## EXERCISE DIRECTIONS
Every line of the listing below must be printed again exactly, apart from its pictures.

(MATERIAL PROVIDED Opens)

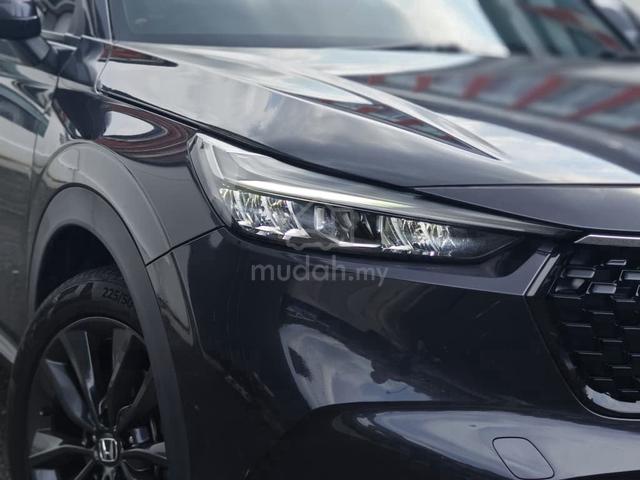 2022 Honda HR-V 1.5 TURBO V (A) MODULE EDITION - 3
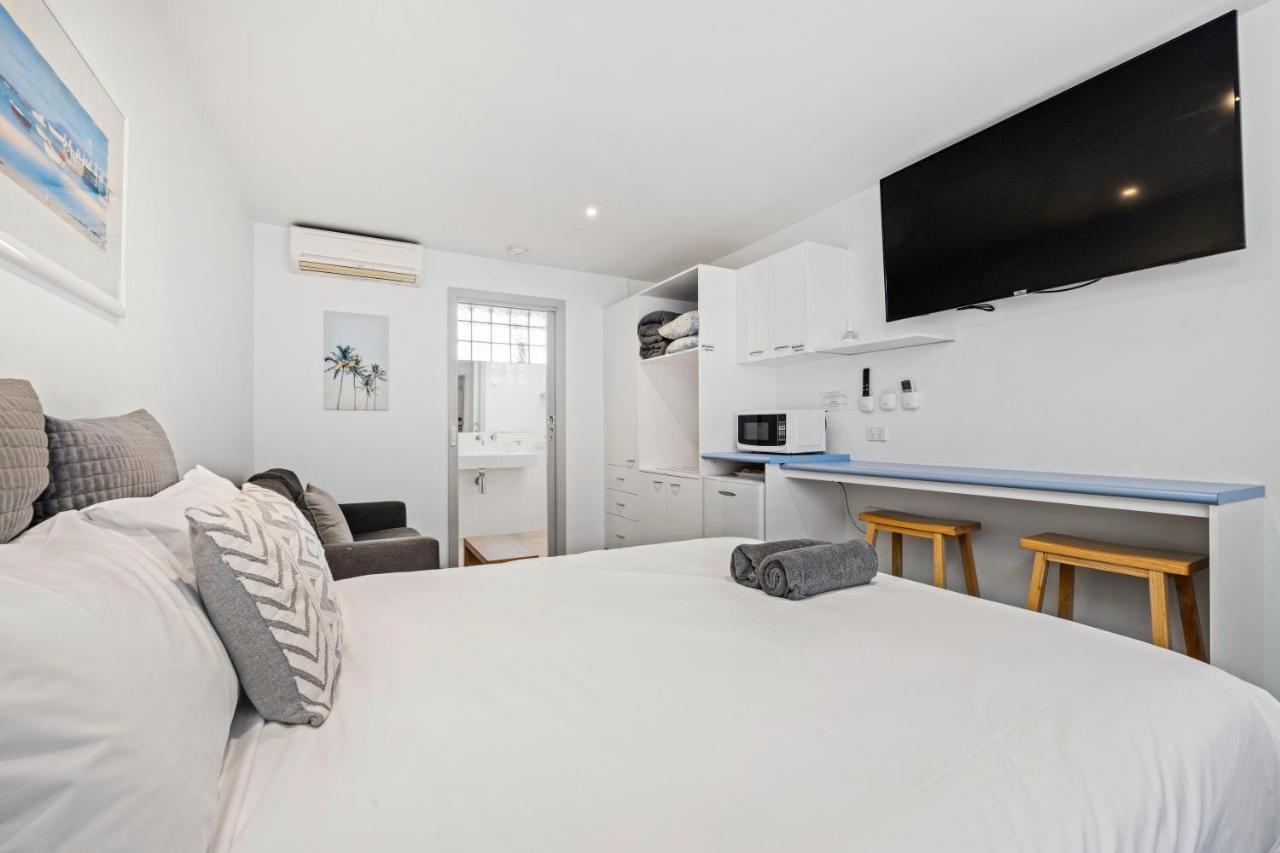 Moody'S Motel Blairgowrie Eksteriør bilde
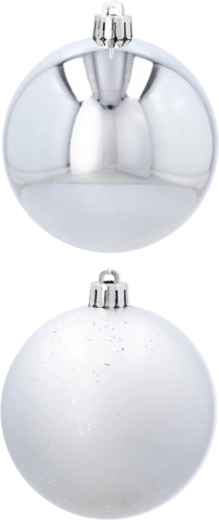 Twee afwerkingen voor een gebalanceerde look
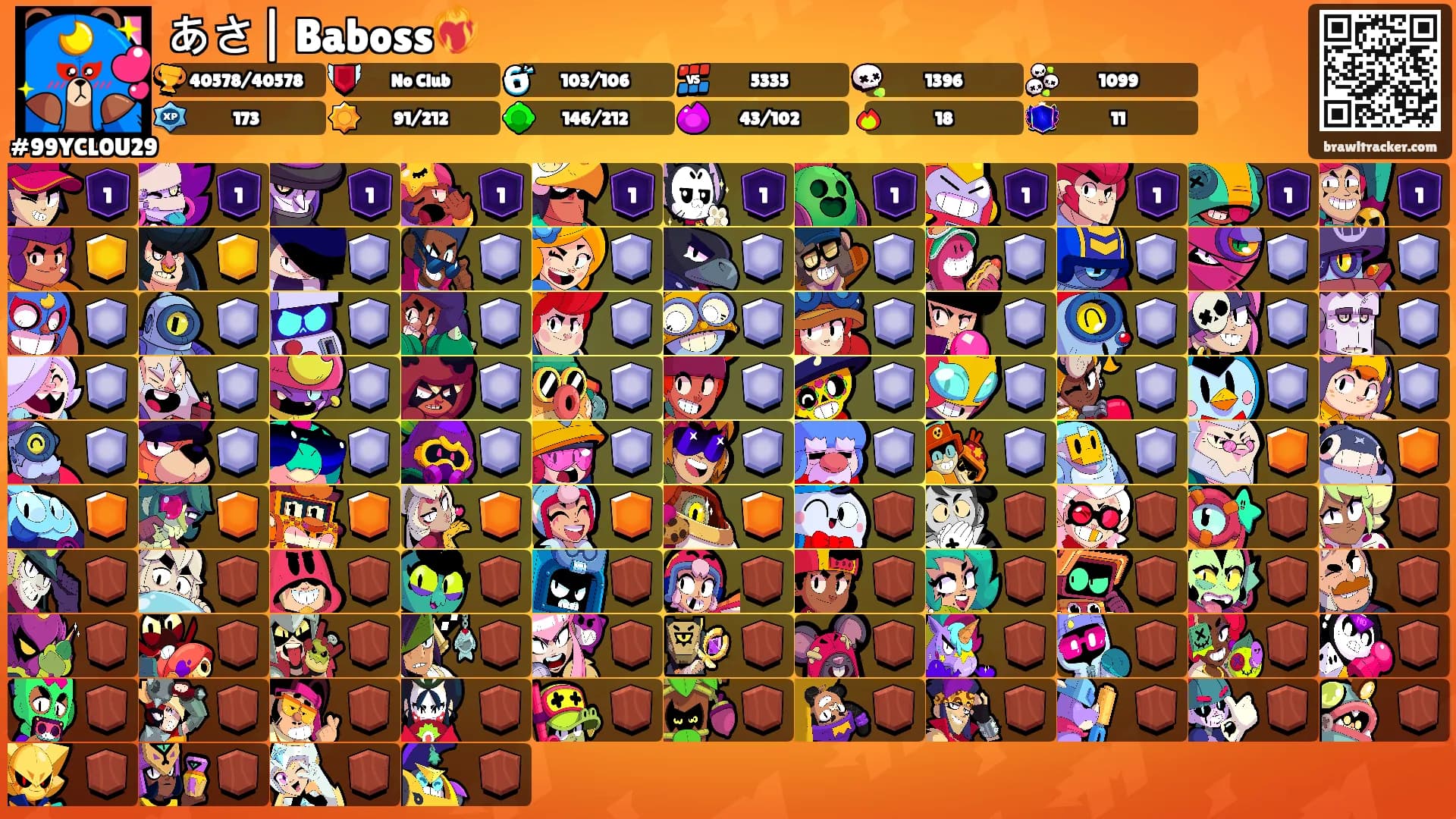 あさ| Baboss❤️‍🔥's Ranks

(MATERIAL PROVIDED Closes)

## RESPONSE
 2022 Honda HR-V 1.5 TURBO V (A) MODULE EDITION - 3
 Moody'S Motel Blairgowrie Eksteriør bilde
 Twee afwerkingen voor een gebalanceerde look
 あさ| Baboss❤️‍🔥's Ranks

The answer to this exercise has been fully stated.